Ms. O'Donnell wanted to stay on only for one more year, but the network wanted to keep her for three. "A three-year deal, I didn't want to do. And a one-year deal, they couldn't do. And so here we are, but it's OK. And the blog will continue," Rosie said this morning on her video blog.

A spokeswoman for "The View" did not return calls for comment.

Will guest host
Ms. O'Donnell, during her announcement this morning, said she will occasionally guest host on "The View," as well as continue with other projects for the network, such as a planned one-hour special on autism.

Ms. O'Donnell often found herself in the hot seat by voicing her opinions on such topics as 9/11 conspiracy theories and President George W. Bush. Last year, a heated name-calling feud started between Ms. O'Donnell and Donald Trump. The spat garnered major press coverage and left "View" creator and co-host Barbara Walters stuck in the middle.

Despite her theatrics on the show, Ms. O'Donnell has helped raise ratings for "The View," which was up 15% in female demographics during February sweeps.
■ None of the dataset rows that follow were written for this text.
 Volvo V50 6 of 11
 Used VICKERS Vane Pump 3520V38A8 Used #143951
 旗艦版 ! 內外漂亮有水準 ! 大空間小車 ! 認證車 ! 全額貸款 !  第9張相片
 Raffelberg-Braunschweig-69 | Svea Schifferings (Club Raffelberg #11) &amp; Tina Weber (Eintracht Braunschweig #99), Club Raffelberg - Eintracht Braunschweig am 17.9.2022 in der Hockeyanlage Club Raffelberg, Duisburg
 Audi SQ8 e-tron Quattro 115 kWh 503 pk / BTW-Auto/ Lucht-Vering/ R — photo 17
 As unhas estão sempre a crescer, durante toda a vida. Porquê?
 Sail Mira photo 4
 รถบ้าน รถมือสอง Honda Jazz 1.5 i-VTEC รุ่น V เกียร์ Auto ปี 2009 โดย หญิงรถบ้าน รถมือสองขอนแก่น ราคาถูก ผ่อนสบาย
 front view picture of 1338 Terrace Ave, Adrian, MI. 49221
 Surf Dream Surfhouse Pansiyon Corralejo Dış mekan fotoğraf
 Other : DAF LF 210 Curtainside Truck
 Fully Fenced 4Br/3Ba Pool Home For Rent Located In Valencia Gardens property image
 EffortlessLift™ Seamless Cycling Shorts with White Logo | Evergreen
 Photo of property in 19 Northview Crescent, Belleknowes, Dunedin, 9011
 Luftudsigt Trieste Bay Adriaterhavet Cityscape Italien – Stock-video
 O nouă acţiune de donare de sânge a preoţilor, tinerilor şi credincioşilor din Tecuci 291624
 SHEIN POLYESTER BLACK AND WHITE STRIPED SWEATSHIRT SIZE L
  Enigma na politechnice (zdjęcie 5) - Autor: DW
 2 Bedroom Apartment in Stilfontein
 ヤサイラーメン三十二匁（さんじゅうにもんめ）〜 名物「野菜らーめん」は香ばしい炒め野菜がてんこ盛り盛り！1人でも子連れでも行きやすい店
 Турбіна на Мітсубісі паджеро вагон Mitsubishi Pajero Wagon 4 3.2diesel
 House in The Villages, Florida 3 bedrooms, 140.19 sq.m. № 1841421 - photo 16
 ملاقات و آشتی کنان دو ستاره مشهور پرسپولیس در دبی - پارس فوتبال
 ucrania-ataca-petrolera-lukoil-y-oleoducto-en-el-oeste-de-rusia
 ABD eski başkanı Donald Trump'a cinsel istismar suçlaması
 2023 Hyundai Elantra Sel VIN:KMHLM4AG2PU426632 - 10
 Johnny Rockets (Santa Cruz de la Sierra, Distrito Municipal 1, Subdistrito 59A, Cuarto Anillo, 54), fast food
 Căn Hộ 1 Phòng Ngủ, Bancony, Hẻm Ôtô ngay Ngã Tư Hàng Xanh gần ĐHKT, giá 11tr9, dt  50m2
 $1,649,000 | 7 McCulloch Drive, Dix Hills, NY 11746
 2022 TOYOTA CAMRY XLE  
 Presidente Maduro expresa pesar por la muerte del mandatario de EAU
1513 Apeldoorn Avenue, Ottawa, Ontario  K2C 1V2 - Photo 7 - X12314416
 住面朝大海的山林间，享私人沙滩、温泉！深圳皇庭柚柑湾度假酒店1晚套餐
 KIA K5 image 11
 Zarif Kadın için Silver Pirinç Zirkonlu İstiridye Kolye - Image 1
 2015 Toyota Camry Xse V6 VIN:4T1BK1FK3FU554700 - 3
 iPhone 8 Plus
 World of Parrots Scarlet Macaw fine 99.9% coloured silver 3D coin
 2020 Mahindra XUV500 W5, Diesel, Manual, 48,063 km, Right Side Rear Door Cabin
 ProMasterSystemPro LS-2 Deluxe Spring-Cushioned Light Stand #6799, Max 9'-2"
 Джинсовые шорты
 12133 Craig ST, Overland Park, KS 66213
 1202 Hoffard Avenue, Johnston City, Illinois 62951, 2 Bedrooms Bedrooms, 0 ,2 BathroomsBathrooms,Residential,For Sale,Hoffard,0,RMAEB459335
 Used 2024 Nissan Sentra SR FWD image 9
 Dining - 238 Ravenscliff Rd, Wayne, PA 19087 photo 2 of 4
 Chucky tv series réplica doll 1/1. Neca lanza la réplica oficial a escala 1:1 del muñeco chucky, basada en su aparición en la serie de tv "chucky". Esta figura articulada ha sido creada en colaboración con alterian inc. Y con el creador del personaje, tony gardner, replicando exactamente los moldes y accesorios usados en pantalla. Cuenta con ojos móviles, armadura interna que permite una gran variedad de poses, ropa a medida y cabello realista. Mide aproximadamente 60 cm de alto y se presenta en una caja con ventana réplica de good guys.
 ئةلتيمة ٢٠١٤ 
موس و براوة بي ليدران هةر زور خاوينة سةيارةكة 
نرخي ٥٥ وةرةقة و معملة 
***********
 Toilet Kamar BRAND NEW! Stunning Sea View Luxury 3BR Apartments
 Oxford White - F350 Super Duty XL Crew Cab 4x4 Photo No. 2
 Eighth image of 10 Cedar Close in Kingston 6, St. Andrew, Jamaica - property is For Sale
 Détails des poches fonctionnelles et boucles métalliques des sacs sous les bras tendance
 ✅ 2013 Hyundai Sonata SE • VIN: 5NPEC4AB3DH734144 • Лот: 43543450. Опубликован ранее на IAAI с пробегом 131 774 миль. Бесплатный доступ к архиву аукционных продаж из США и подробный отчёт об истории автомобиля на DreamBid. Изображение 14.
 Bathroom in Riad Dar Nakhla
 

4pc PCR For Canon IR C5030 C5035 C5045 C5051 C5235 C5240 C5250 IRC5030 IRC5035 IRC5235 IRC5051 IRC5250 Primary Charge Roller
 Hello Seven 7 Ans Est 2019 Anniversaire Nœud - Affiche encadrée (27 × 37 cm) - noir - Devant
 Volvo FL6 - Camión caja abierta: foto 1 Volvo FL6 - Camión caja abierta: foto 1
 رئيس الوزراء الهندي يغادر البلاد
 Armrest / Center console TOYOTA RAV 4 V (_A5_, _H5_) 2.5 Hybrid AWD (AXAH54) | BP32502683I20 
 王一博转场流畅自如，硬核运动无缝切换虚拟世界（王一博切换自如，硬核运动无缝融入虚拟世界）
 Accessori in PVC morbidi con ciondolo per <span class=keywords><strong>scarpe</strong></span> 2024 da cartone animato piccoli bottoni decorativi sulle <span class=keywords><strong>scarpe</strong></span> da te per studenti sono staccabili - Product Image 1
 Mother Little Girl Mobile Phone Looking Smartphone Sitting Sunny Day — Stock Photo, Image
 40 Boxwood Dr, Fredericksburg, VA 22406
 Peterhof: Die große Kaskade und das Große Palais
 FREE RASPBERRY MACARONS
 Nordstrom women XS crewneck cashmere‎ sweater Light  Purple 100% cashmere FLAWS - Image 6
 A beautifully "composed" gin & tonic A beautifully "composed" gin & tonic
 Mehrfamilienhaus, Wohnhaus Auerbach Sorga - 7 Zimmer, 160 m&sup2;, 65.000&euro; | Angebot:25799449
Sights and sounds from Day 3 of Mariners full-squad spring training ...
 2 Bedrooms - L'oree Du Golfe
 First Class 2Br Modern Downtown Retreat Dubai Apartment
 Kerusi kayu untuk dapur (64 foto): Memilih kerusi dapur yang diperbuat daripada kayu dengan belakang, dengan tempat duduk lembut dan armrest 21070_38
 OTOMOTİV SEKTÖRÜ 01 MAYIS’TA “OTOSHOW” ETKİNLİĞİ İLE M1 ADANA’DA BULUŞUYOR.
She has also shown an ability to plug the show's sponsors during tapings with giveaways. She even placed brands in Broadway-style songs she performed on-air. Among "The View's" top advertisers are Procter & Gamble Co., Johnson & Johnson, Altria Group, SC Johnson & Son, Sears Holdings Corp., Clorox Co., GlaxoSmithKline, Abbott Lab and Unilever.

K-C saw results
A Kimberly-Clark Corp. spokesman declined to comment on Ms. O'Donnell's contract status or possible departure from the show. But he did say that a multibrand giveaway promotion Kimberly-Clark launched in January that was heavily integrated into "The View" and included a song-and-dance sendoff from Ms. O'Donnell "was one of our most successful promotions ever."

The partnership "was with 'The View,' not Rosie O'Donnell," the spokesman noted. He said Kimberly-Clark had no plans to pull any advertising from the show over any of her comments.

A P&G spokeswoman likewise said the company hadn't made any changes in its advertising plans because of Ms. O'Donnell's comments.

Balanced by others
"We find that 'The View' reaches a great target audience for our brands, and so we continue to advertise on it," she said. Previously, in explaining why P&G had stuck with "The View" while pulling its ads from Imus, she noted that Ms. O'Donnell's viewpoint is one of many expressed on the show and is balanced by other viewpoints.

(P&G is well aware of the potential pain involved in crossing Ms. O'Donnell. In the 1990s, when she had her own syndicated talk show, P&G's Scope brand issued a press release based on a survey naming Ms. O'Donnell the "least kissable celebrity in America." Ms. O'Donnell responded with a "Just Say Nope to Scope" segment on her show.)

Ms. O'Donnell most recently stirred controversy when she made comments about News Corp. chief Rupert Murdoch at a New York Women in Communication awards luncheon on Monday. "This is a celebration of women who changed the world," she said, "and no one understands why Rupert Murdoch is on the dais. I mean that in the kind, loving Post-like way, sir; it's delightful to see you in person."